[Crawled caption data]
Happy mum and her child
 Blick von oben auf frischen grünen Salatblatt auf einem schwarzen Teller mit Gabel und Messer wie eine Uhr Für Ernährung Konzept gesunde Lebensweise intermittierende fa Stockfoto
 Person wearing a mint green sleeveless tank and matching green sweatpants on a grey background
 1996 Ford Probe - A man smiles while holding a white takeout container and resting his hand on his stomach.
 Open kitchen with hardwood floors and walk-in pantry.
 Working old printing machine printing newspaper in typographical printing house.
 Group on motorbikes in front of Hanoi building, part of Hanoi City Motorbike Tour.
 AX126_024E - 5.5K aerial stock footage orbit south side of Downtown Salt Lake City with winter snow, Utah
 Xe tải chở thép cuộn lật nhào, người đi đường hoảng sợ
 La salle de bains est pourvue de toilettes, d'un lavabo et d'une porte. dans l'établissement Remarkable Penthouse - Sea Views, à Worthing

**Goal of the exercise:** Copy every line of the data that holds the string "City".

**Written response:**
 Group on motorbikes in front of Hanoi building, part of Hanoi City Motorbike Tour.
 AX126_024E - 5.5K aerial stock footage orbit south side of Downtown Salt Lake City with winter snow, Utah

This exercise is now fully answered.